There are additional benefits. For example, when all the files
in the file system have been backed up, the snapshot actually becomes
a liability. Not only does it waste space, but until it's deleted,
any write activity in the snapped filesystem will cause the snapshot
to grow. When the child process finishes and deletes the snapshot,
the used space is returned and becomes available for other filesystem
snapshots to grow into. By starting multiple child processes and
simultaneously backing up multiple filesystems, the lifespan of
each snapshot is shorter, the eventual size (when the backup is
complete) is smaller, and thus the total space requirement is reduced.
Benefits for Hot Backups
I occasionally hear complaints about hot backups. Most often,
there is the issue of maintaining the archive logs, particularly
keeping them together as part of a "backup set". There is also concern
about what the Oracle Backup & Recovery Handbook (by
Rama Velpuri, 1997, Oracle Press) describes as the "split block
phenomenon". Split blocks are (logical) blocks where the front half
doesn't match the back half. This can occur when a block is written
while it was being read by the backup task.
To ensure that the complete block is in place following a restore,
logs must be re-played during the "recover" operation. This can
be a complicated process if your backup has taken hours to run,
and you can wind up with a significant amount of additional data
to maintain. Herein lies an additional benefit to using UFS snapshots.

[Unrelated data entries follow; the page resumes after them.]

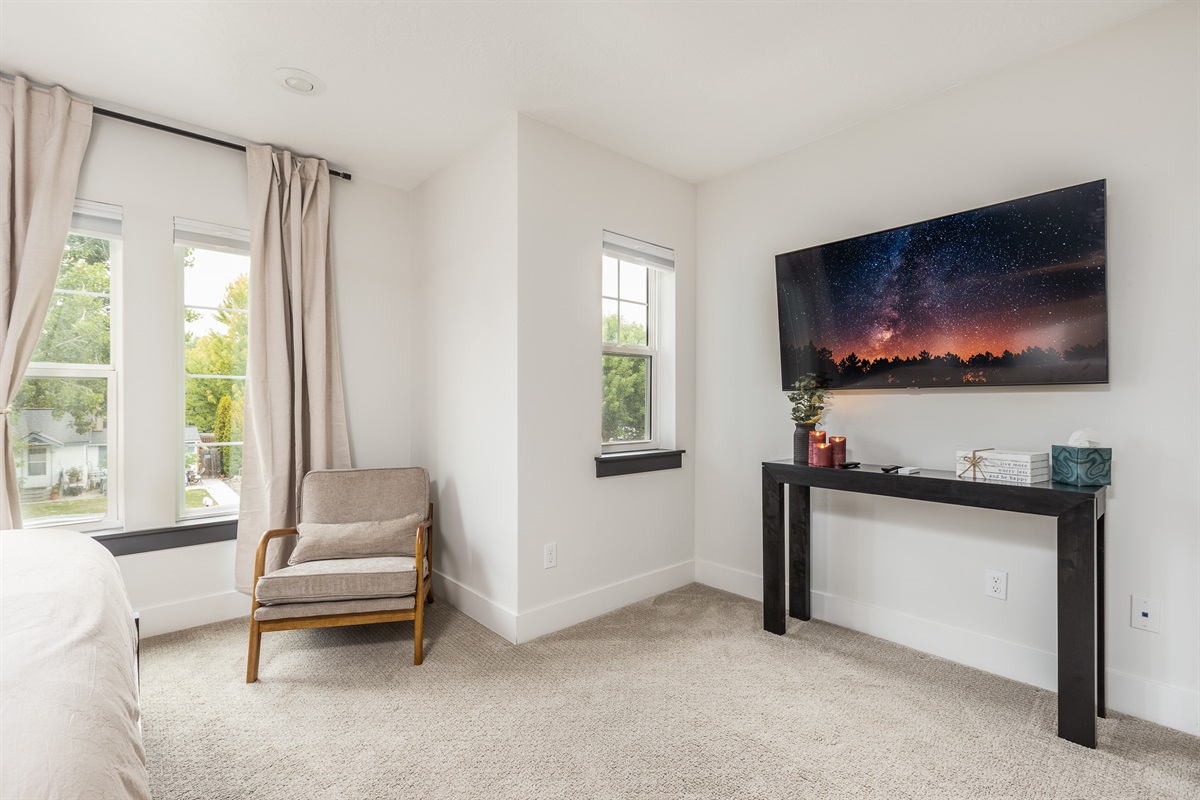 Front bedroom with a smart TV and candle lights to unwind from the day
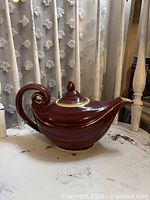 Left side view of maroon teapot showing curled handle, spout, lid, gold accents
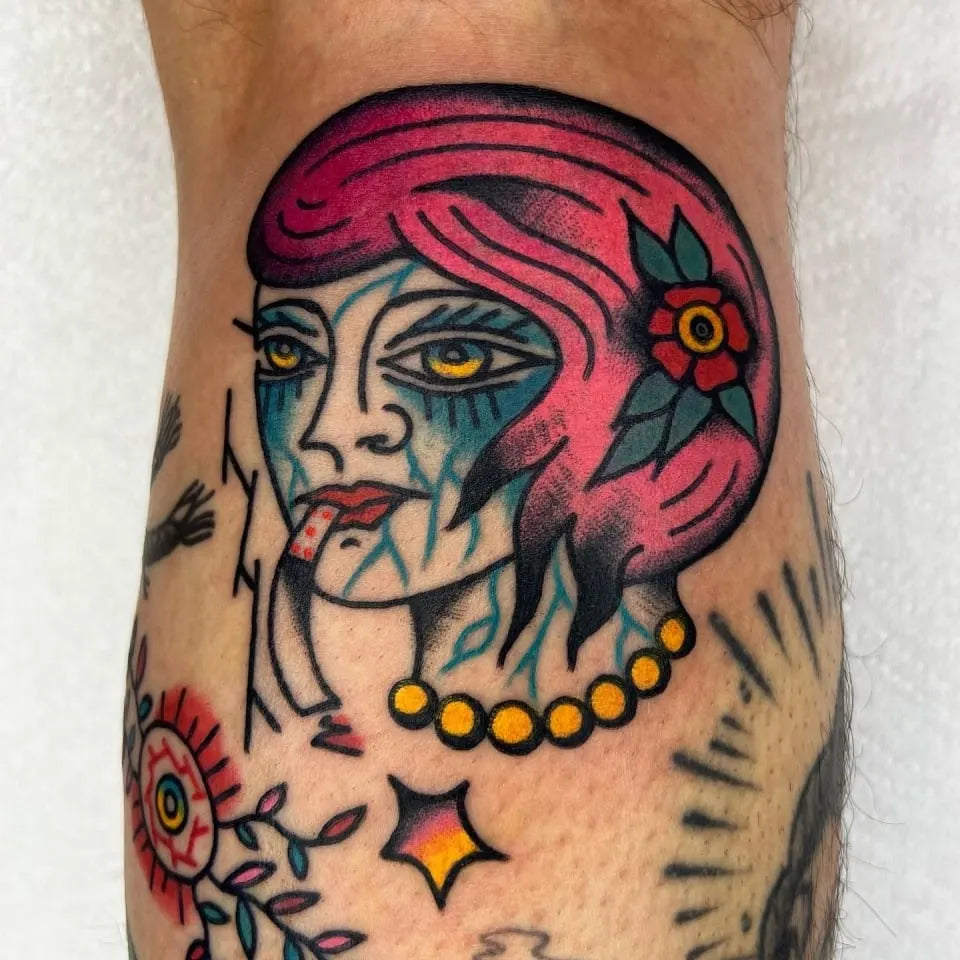 american traditional creepy woman face tattoo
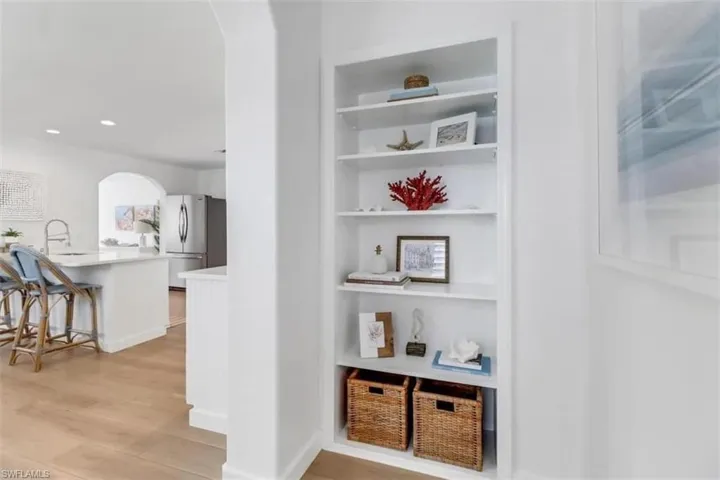 Corridor with built in shelves, light hardwood / wood-style flooring, and sink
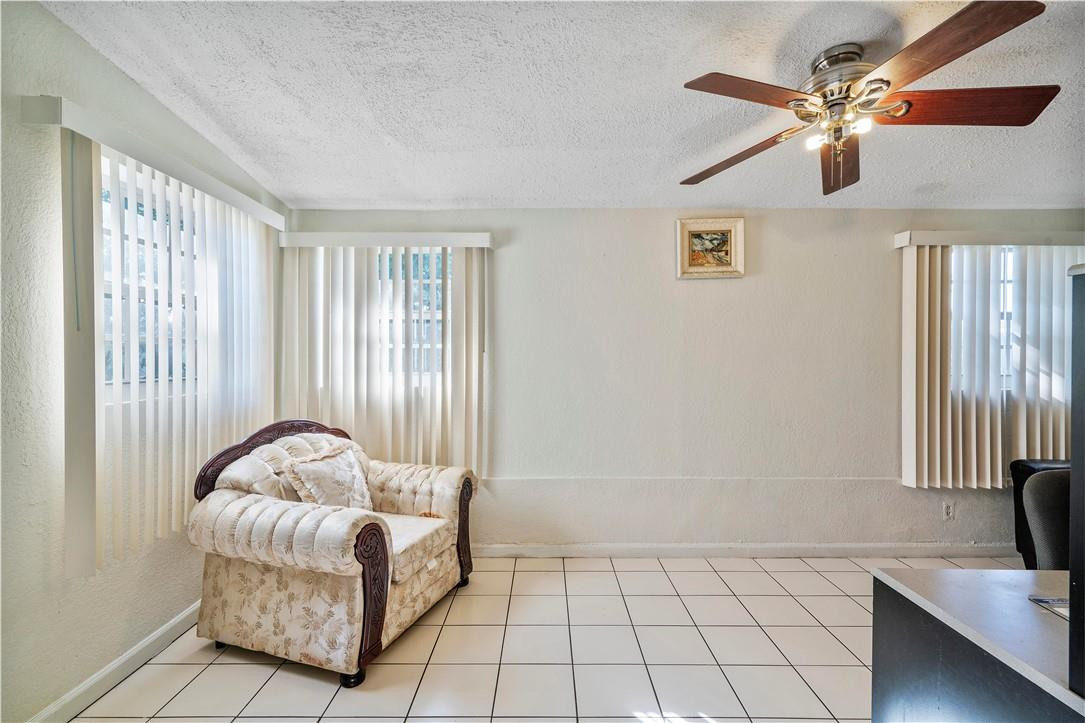 Undisclosed Address Miami, FL 33169 - Photo 21 of 24 a spacious bedroom with a bed and a couch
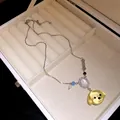 Primo piano del ciondolo a testa di cane in resina e zirconi su catena d'argento nel portagioie - Ciondolo Testa di Cane e Osso / Giallo
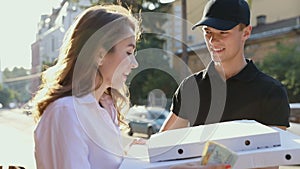 Pizza Delivery. Courier Delivering Box With Food To Client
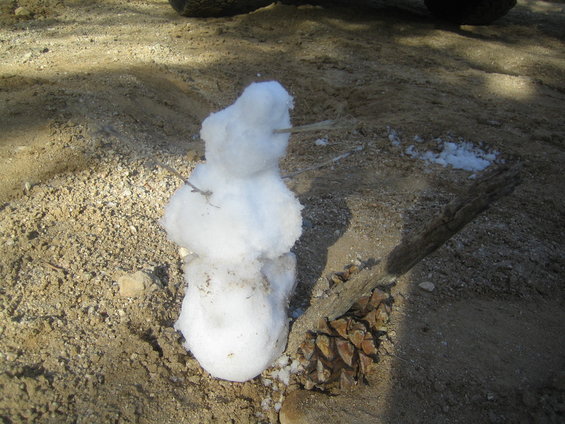 Small snowman made of snow on sandy ground with a pine cone and stick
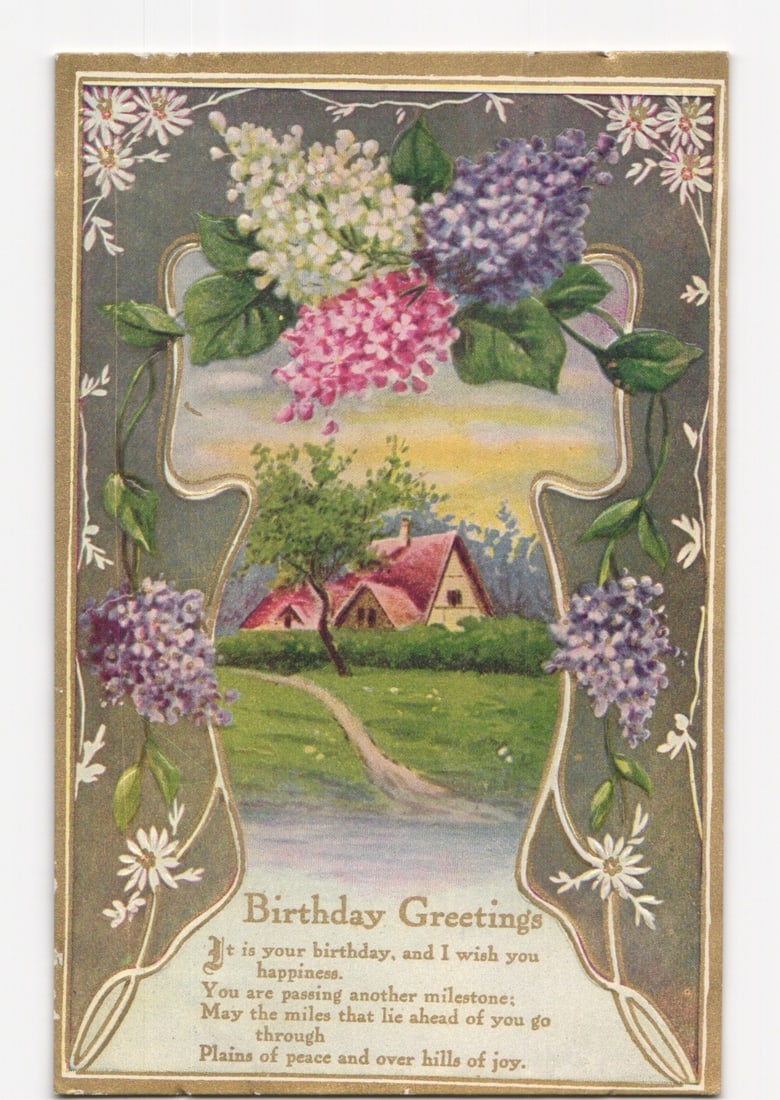 Early 20th Century Birthday Greetings postcard with Lilac Flowers and Rural Landscape: A chromolithograph postcard features a central vignette depicting a rural landscape under a colorful sky, with two red-roofed houses nestled among green trees and bushes. A dirt path leads from the fo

Because the database is only in backup mode during the moments the
snapshots are being taken, you have minimal archive log data to
keep, and because it only takes a moment to make the snapshot, the
only split blocks can be those that were being written during the
time the snapshots were actually being made.
The Oracle Backup & Recovery Handbook indicates that
the snapshots and hot backups tablespaces should be backed up one
by one and that you should not batch them together. We deviate from
that rule because to perform the backup properly via snapshot, all
the files in a filesystem must be in backup mode before taking the
snapshot. The "backup" is then logically being made (from the database's
point of view) when the snapshot occurs, not while it is being copied
to tape. This is important to remember, because the backup is not
truly complete until all the data has been copied to tape, and there
are pluses and minuses to this effect. If your snapshot fails (filling
the backing store file system, system crash, snapshots don't persist
across a reboot, etc.), you must start over. But if the backup server
fails during the backup, you can pick up where you left off, manually
(or scripting) backing up the remaining files when you get into
the office -- provided that you built your snapshot file system
with sufficient free space.
Profiling and Space Needs
The considerations for using this technique (and these two scripts)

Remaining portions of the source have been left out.